- EXERCISE DETAILS -
All lines from the one that has "Women's Off Shoulder" onward to the end of the records below are to be returned exactly; pictures are to be skipped.

####

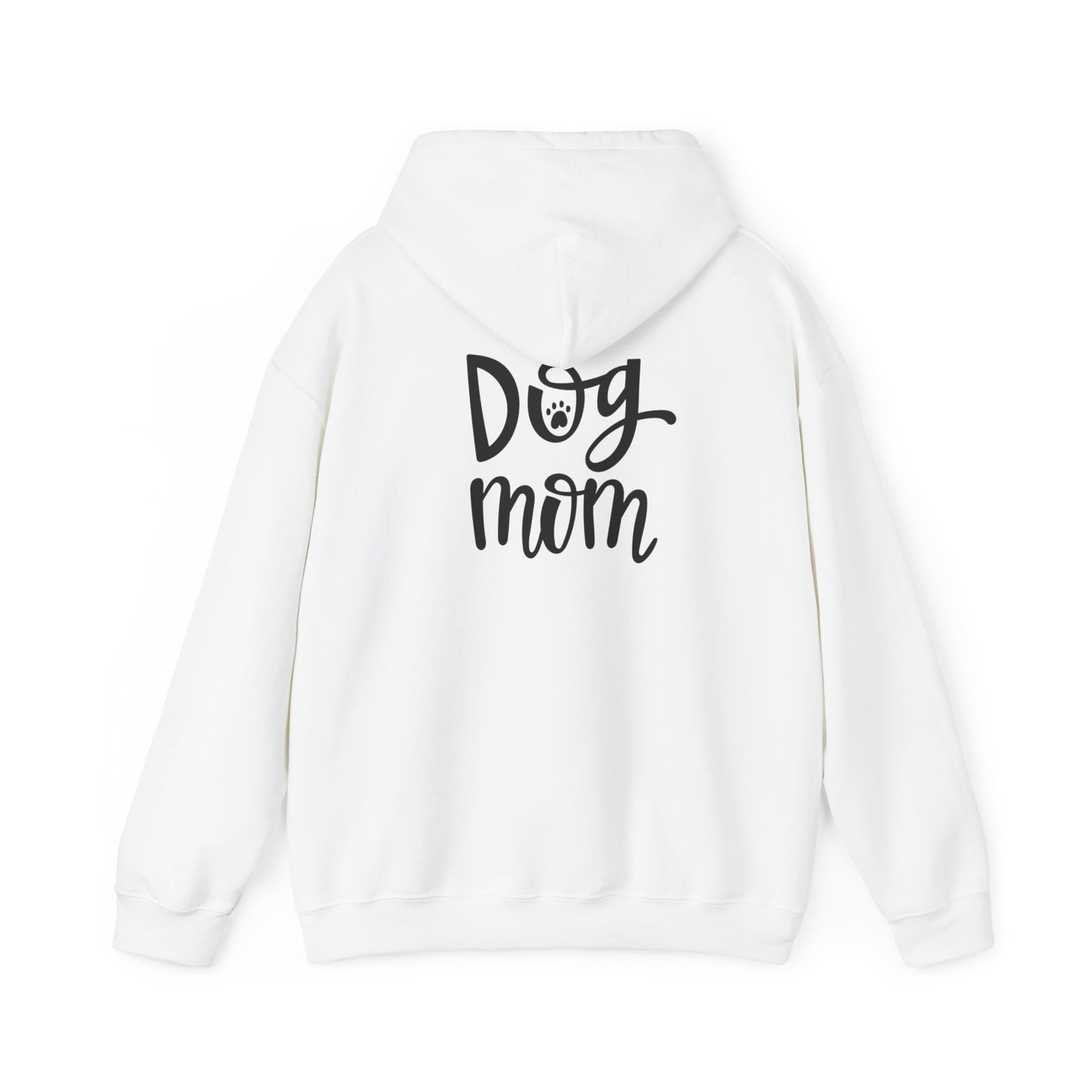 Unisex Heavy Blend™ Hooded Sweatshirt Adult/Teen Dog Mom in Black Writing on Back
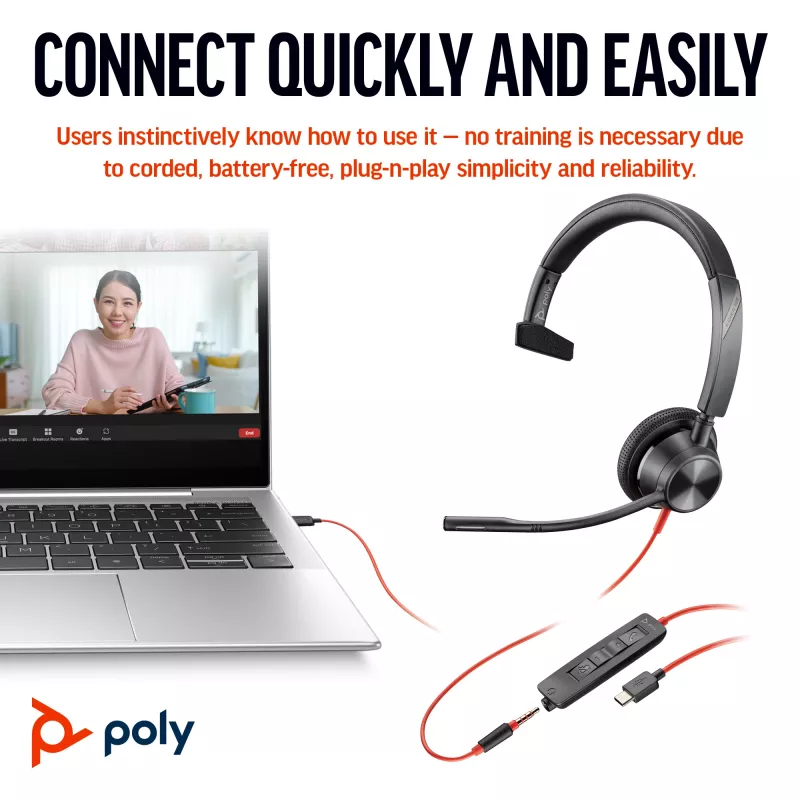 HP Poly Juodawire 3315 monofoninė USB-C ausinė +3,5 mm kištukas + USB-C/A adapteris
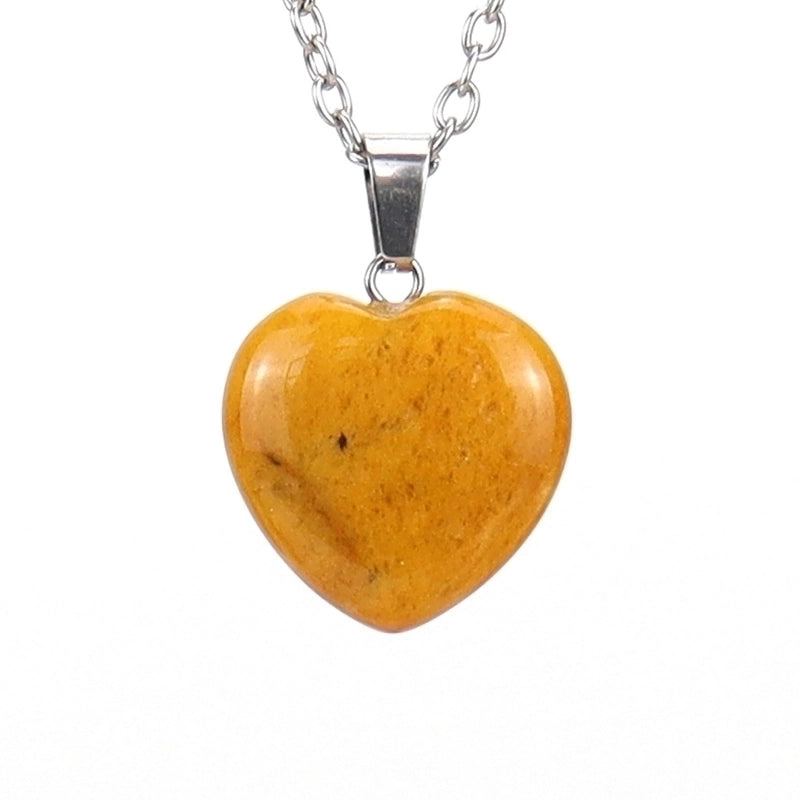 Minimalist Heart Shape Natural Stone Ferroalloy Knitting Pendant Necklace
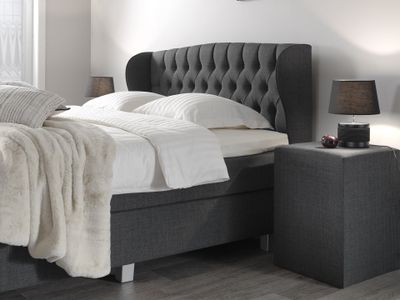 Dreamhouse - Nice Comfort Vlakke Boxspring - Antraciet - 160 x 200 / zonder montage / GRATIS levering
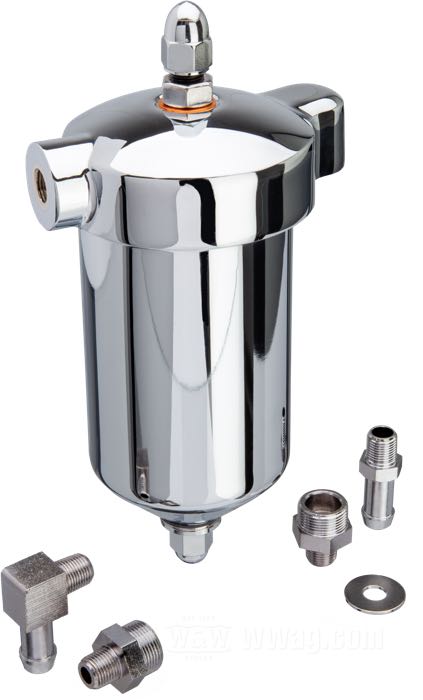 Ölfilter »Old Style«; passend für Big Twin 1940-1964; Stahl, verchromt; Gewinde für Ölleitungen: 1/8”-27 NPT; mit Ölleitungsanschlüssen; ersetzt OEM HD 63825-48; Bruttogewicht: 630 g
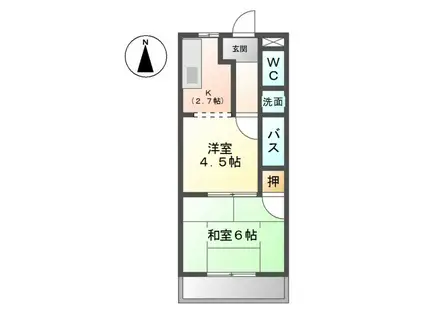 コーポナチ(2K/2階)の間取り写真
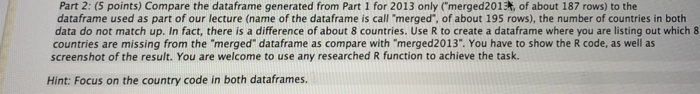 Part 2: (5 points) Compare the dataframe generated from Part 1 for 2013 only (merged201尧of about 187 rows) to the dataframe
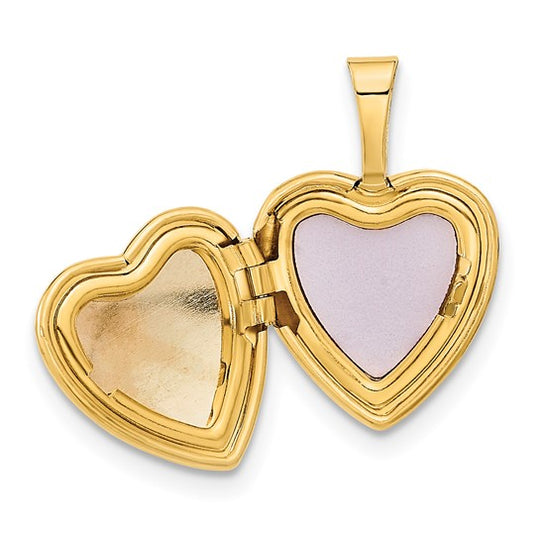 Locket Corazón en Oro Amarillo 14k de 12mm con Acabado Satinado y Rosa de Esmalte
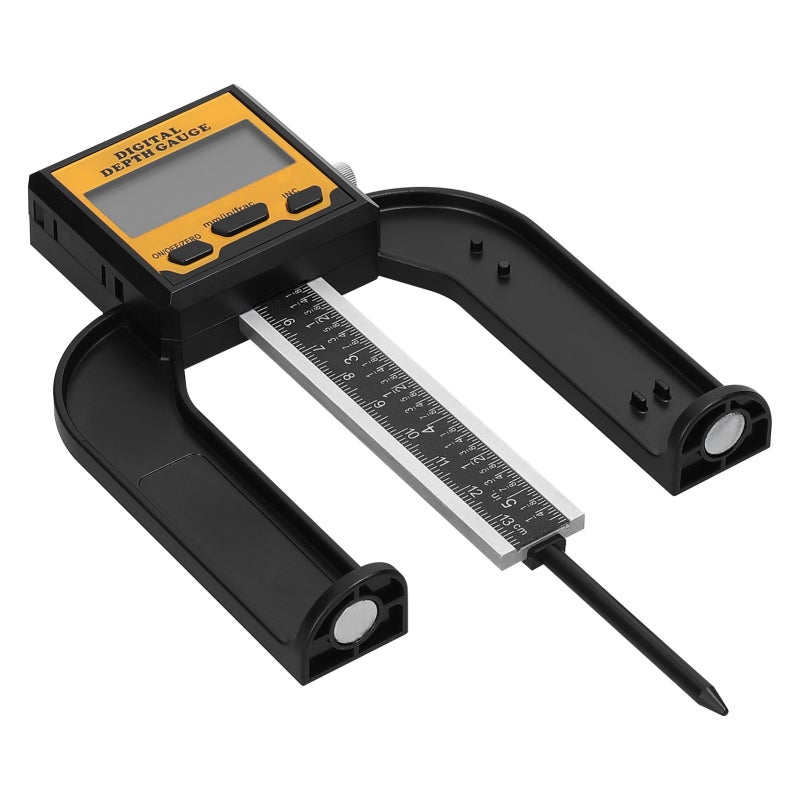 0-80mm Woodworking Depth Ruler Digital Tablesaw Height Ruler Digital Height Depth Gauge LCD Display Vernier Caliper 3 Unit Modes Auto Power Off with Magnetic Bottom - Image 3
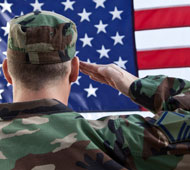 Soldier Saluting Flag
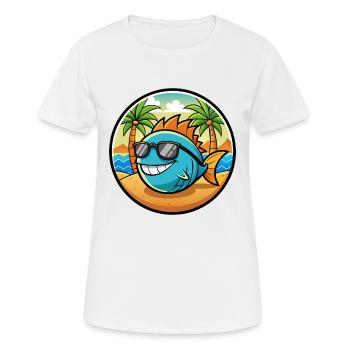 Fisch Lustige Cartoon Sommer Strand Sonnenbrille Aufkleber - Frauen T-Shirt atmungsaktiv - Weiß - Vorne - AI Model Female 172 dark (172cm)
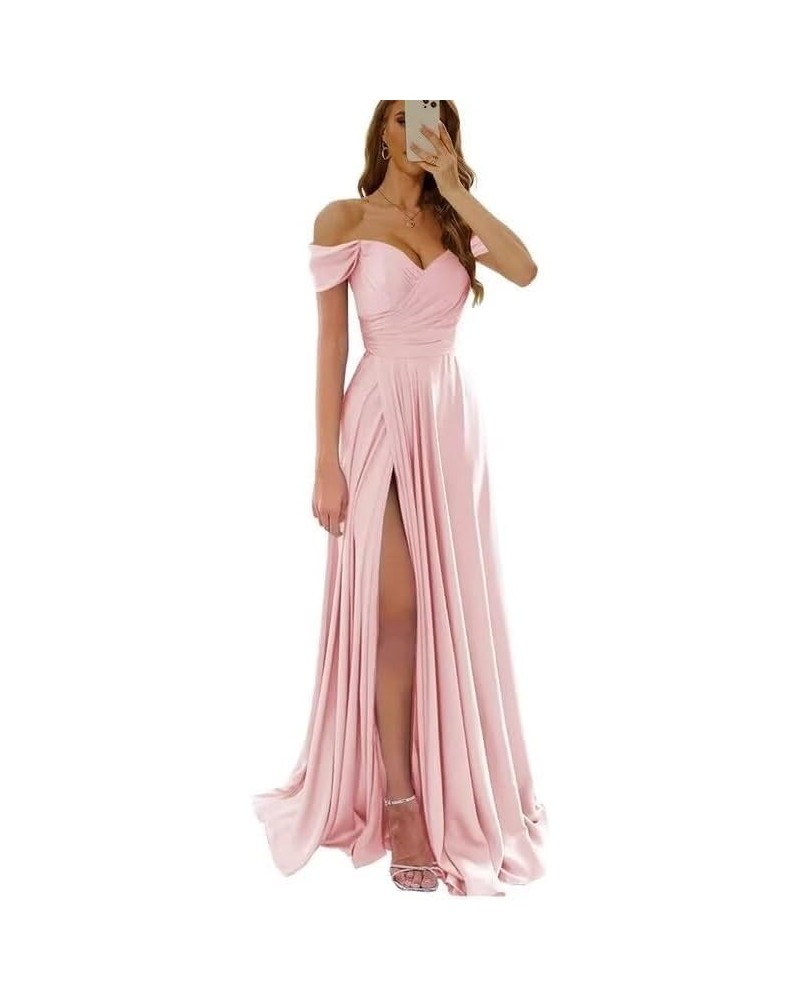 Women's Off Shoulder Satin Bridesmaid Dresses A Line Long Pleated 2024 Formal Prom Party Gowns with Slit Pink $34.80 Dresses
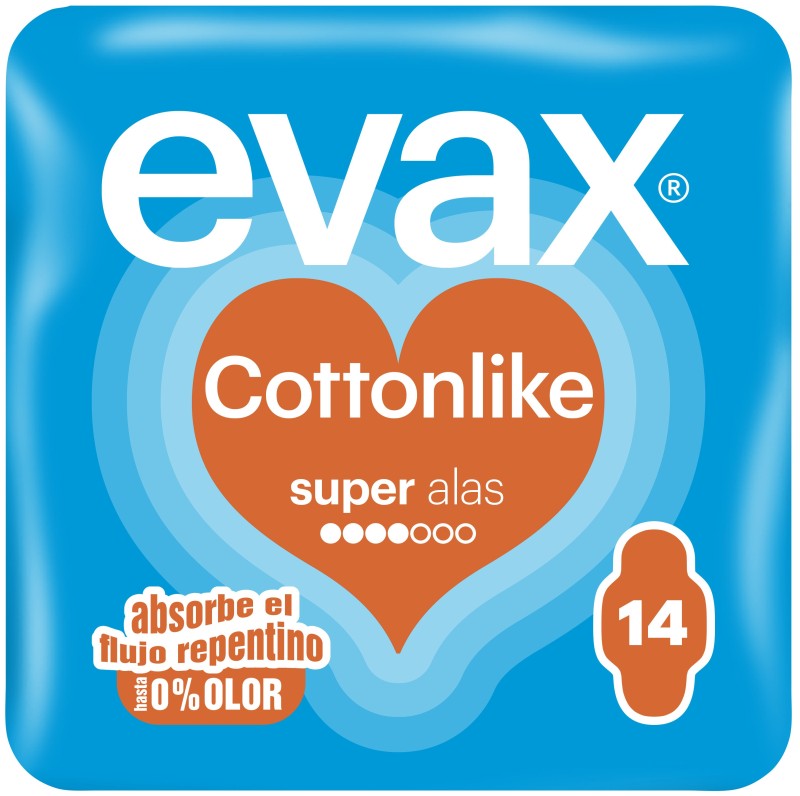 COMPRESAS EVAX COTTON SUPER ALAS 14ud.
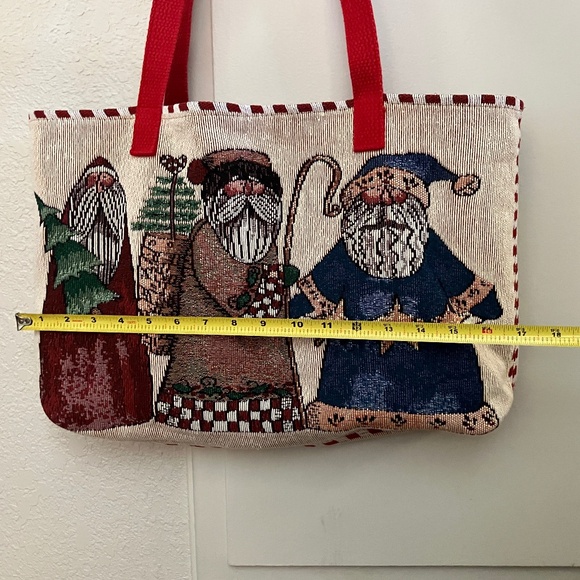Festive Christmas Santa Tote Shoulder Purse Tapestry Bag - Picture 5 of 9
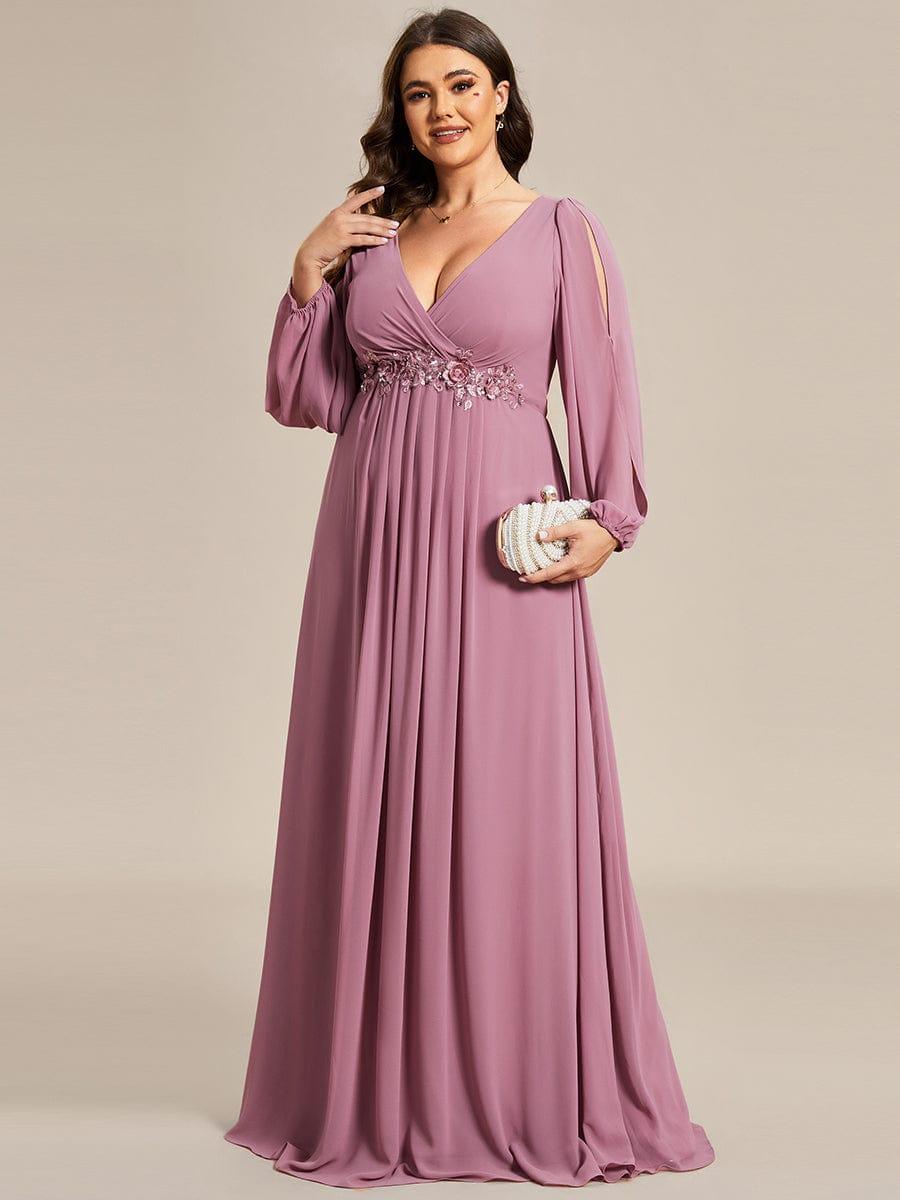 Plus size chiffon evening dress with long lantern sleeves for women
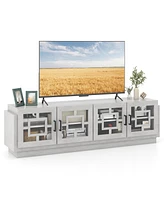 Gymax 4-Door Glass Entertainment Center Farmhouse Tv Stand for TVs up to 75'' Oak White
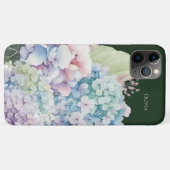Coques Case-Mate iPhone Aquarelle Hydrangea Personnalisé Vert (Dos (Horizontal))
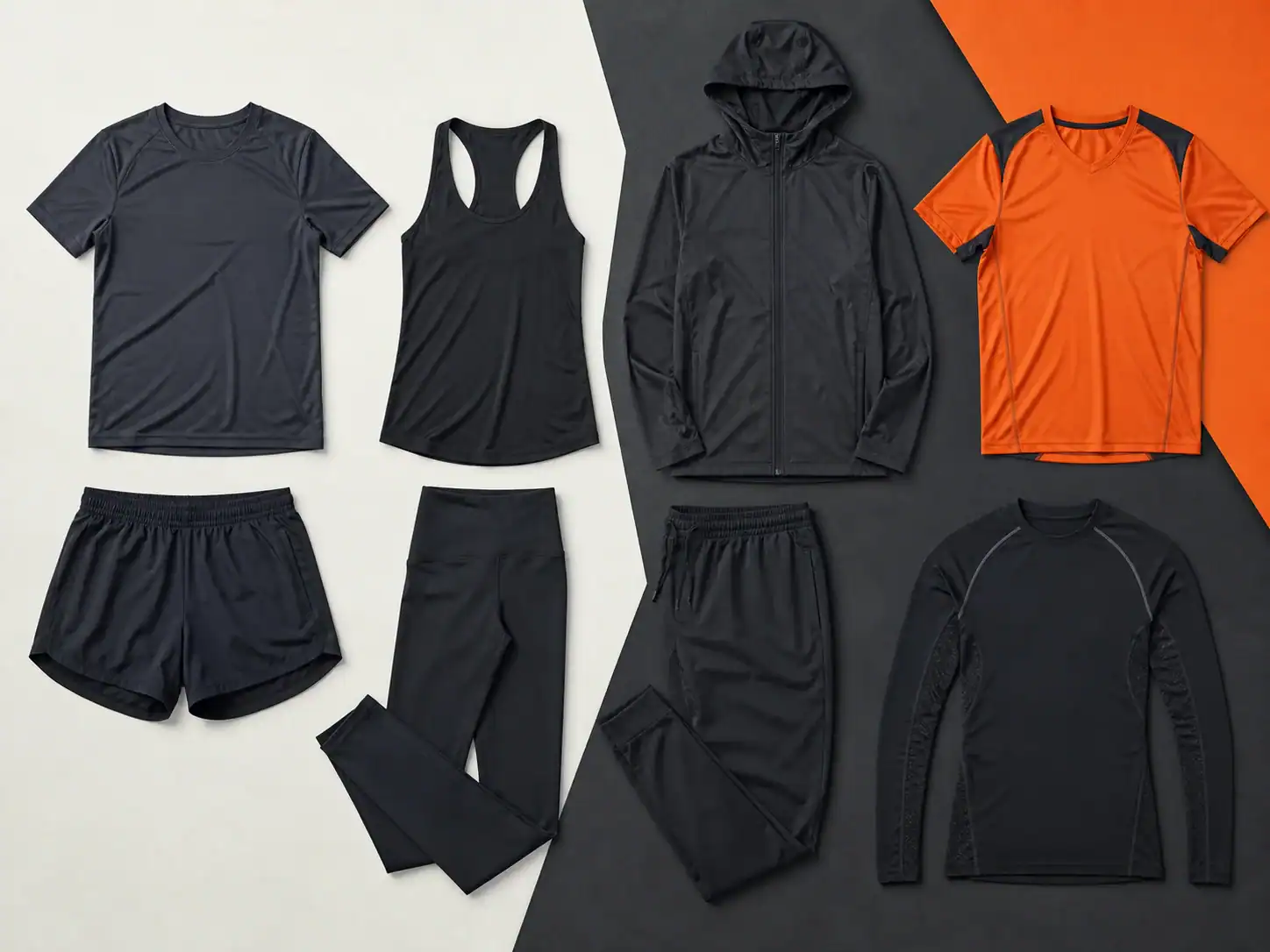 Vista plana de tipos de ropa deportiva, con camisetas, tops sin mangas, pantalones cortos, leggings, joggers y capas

####

- PROBLEM SOLUTION -
 Women's Off Shoulder Satin Bridesmaid Dresses A Line Long Pleated 2024 Formal Prom Party Gowns with Slit Pink $34.80 Dresses
 COMPRESAS EVAX COTTON SUPER ALAS 14ud.
Festive Christmas Santa Tote Shoulder Purse Tapestry Bag - Picture 5 of 9
 Plus size chiffon evening dress with long lantern sleeves for women
 Gymax 4-Door Glass Entertainment Center Farmhouse Tv Stand for TVs up to 75'' Oak White
Coques Case-Mate iPhone Aquarelle Hydrangea Personnalisé Vert (Dos (Horizontal))
 Vista plana de tipos de ropa deportiva, con camisetas, tops sin mangas, pantalones cortos, leggings, joggers y capas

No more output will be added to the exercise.